Excessive salt intake can contribute to high blood pressure, a significant risk factor for heart disease and stroke. And excess sugar – especially from processed foods – has been strongly linked to weight gain, type 2 diabetes, and many other chronic health problems.
Are All Processed Foods Unhealthy?
Not at all. Most foods available in supermarkets are processed to some extent, but the degree and type of processing make all the difference.

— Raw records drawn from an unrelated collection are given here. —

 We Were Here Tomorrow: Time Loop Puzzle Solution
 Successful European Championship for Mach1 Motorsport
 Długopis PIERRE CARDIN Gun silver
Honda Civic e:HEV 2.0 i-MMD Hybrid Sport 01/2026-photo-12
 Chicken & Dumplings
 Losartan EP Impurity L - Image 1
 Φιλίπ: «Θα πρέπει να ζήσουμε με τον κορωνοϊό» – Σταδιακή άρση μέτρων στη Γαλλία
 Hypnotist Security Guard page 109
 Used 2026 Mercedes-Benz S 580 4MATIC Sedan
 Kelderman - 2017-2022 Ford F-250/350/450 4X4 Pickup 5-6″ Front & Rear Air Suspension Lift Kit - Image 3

Minimally processed foods retain most of their original nutrients, while ultra-processed foods often replace them with artificial ingredients.
Here’s a general breakdown:
- Minimally Processed Foods
These have undergone basic preparation – such as washing, cutting, drying, fermenting, or freezing – that doesn’t substantially change their nutritional value. (Pasteurization is sometimes also considered to be a minimal form of processing, but not in the case of fermented and cultured foods – pasteurization kills beneficial bacteria (probiotics) and leads to a reduction in heat sensitive vitamins.) Examples include:- Frozen fruits and vegetables
- Dried fruit
- Dried meat (“biltong”)
- Smoked or canned fish (in natural fish oils, olive oil or spring water – strictly NO seed-oils!)

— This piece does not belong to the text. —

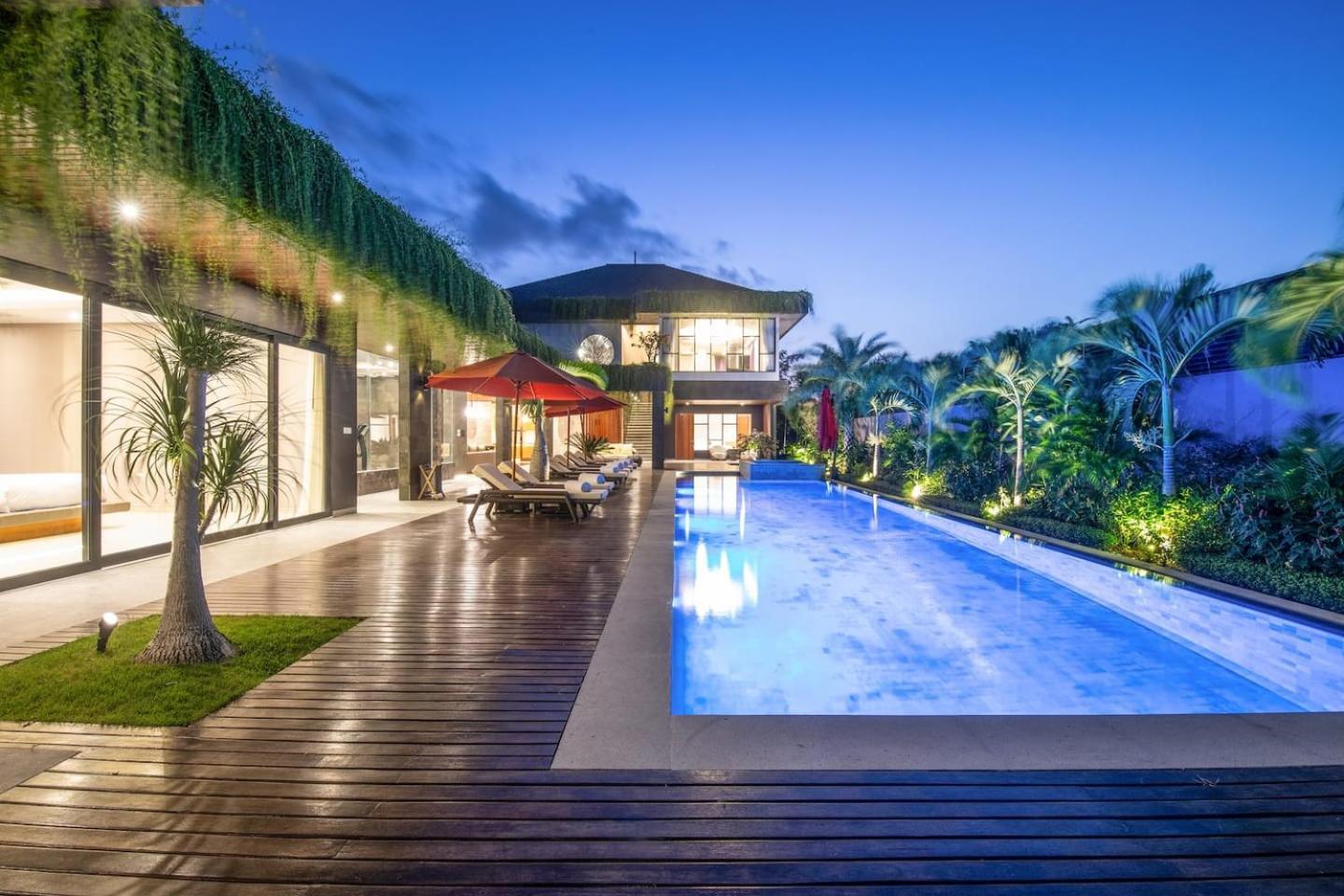 Sumptuous 5br Luxury Redefined In Villa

- Fermented foods (like unpasteurized yogurt, kefir, sauerkraut, kimchi, and no-sugar-added pickles)
- Natural cheeses (like cottage cheese, feta, ricotta, paneer)
- Cold-pressed fruit and nut oils (such as olive, avocado, coconut, and almond oils – NO seed oils!)

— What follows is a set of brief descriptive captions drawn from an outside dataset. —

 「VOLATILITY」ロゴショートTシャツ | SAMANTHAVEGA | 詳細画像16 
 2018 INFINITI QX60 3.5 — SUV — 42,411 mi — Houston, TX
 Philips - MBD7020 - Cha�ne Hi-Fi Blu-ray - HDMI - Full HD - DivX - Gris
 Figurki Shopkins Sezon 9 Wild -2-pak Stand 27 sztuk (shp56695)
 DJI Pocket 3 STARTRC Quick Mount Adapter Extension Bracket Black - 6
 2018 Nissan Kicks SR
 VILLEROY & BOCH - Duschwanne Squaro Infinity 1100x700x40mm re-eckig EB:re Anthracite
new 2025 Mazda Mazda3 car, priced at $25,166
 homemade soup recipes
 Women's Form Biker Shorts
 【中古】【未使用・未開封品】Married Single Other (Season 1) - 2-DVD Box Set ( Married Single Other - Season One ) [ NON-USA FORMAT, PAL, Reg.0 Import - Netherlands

- Raw or roasted nuts and seeds (ideally unsalted)
- Unsweetened cereals like rolled oats or some types of muesli
- Processed Foods
These are altered with mostly natural ingredients – such as salt, sugar, starches, fats (oils), and spices – to enhance flavour or shelf life. They can still be part of a healthy diet when consumed in moderation. Examples include:- Some deli meats (ham, corned beef, sausages)
- Dry-cured meats (like jerky, “droëwors”, prosciutto and certain types of salami)
- Canned vegetables and legumes
- Most cheeses
- Salted nuts
- Freshly baked bread
- Ultra-Processed Foods
These are industrial products with ingredients not typically found in home kitchens – chemical preservatives, emulsifiers, modified starches, modified and artificial sweeteners, and synthetic flavourings that do not resemble food from nature. They are often highly engineered and designed for shelf stability and convenience, and are typically high in calories and low in nutrients. Ultra-processed foods are typically found in the centre aisles of supermarkets, alongside other packaged goods. Examples include:- Instant noodles, frozen meals, and snack foods
- Baked goods made with refined flour and sugar (including mass-produced breads)
- Sweetened breakfast cereals and granola bars
- Sugary carbonated drinks, energy drinks and fruit drinks (excluding 100% pure fruit juices)
- Ice cream, chocolate bars and all sweets (candy)
What You Need to Know
While the breadth of what you can eat on a whole foods diet is surprisingly large – meat, eggs, dairy, vegetables, fruit, nuts, legumes, and more – there are a few telltale markers of foods that don’t fit the bill.
Foods that include:
- Highly refined and modified ingredients
- Added sugars (natural, modified, or artificial)
- Synthetic preservatives, colours, or flavours
There’s also a significant “gray” area when it comes to animal products. Meats, poultry, and farmed fish are often raised on unnatural diets (like soy and grains) and treated with antibiotics or hormones. While choosing grass-fed, free-range, or ethically raised products is always a healthier and more sustainable choice, these options are not always readily available everywhere – and they tend to be more expensive.
Final Thoughts
Choosing whole or minimally processed foods most of the time is one of the most effective ways to support your health. You don’t have to be perfect – just informed. Think of it as a spectrum, not a strict rulebook. By gradually shifting away from ultra-processed foods and toward more natural, nutrient-rich options, you’re doing your body a big favour – one wholesome bite at a time.